Des enjeux qui s’étendent au-delà de la technique
L’émergence des modèles plus petits rappelle également l’importance de l’éveil aux questions entourant l’usage de la technologie, notamment parmi les utilisateurs de ces outils. Comprendre le fonctionnement, quels sont les enjeux géopolitiques, quelles sont les conséquences environnementales, etc. Des réflexions qui concernent tout le monde, rappelle Louis de Diesbach. «Derrière les enjeux techniques de l’innovation, qui n’est pas un synonyme de progrès, chacun peut se rendre compte des enjeux non techniques, qui sont peut-être encore beaucoup plus nombreux. Les questions liées à l’intelligence artificielle ne doivent pas être confisquées par les techniciens et devenir un domaine dans lequel seuls les ingénieurs et informaticiens ont le droit de s’exprimer.»
L’IA est un marteau, devenu très à la mode, ce qui nous pousse parfois à considérer tous les problèmes comme des clous.

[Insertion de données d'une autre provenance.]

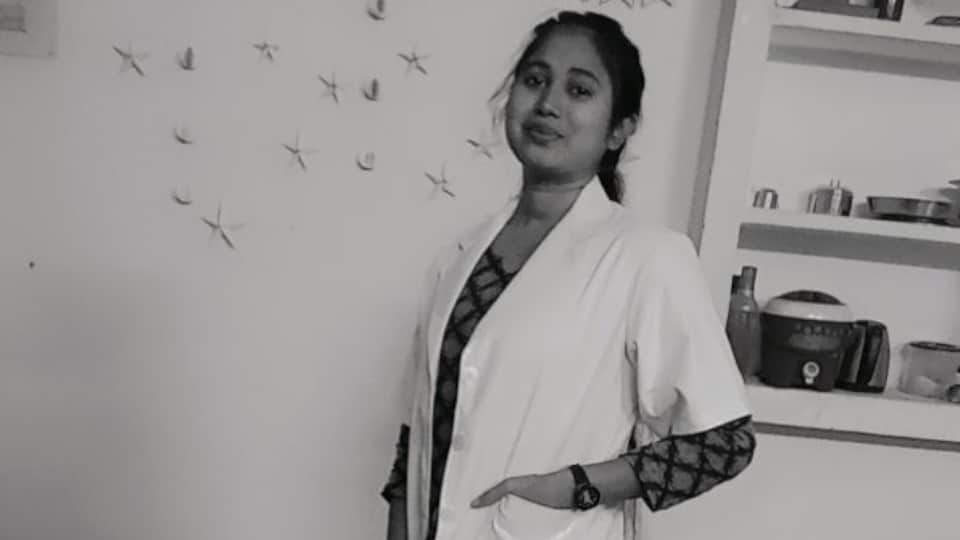 Nursing student committed suicide in the hostel of SRN Hospital Prayagraj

Vouloir «miniaturiser» les LLM pour les intégrer plus facilement sur des appareils personnels soulève également des questions fondamentales sur le rapport de l’humain à la technologie. «L’IA, quelle que soit sa taille, est un marteau, devenu très à la mode, ce qui nous pousse parfois à considérer tous les problèmes comme des clous. Or la réponse à certains défis ne réside pas nécessairement dans plus de technologie, mais parfois dans moins de technologie. Ai-je envie d’avoir un robot bardé d’IA pour interagir avec des personnes âgées dans un home? Qu’est-ce que ça dit des liens humains lorsqu’on en vient à discuter avec la machine comme avec une personne? Pourquoi devrais-je glisser de l’IA dans ma poche via mon smartphone?», interroge encore l’auteur.
Alors que les SLM gagnent en popularité, la vraie question n’est peut-être pas de savoir s’ils remplaceront un jour les LLM, mais plutôt comment ces modèles plus légers invitent à repenser notre relation à l’intelligence artificielle – une technologie qui promet de répondre à tout, mais qui pose tant d’autres questions.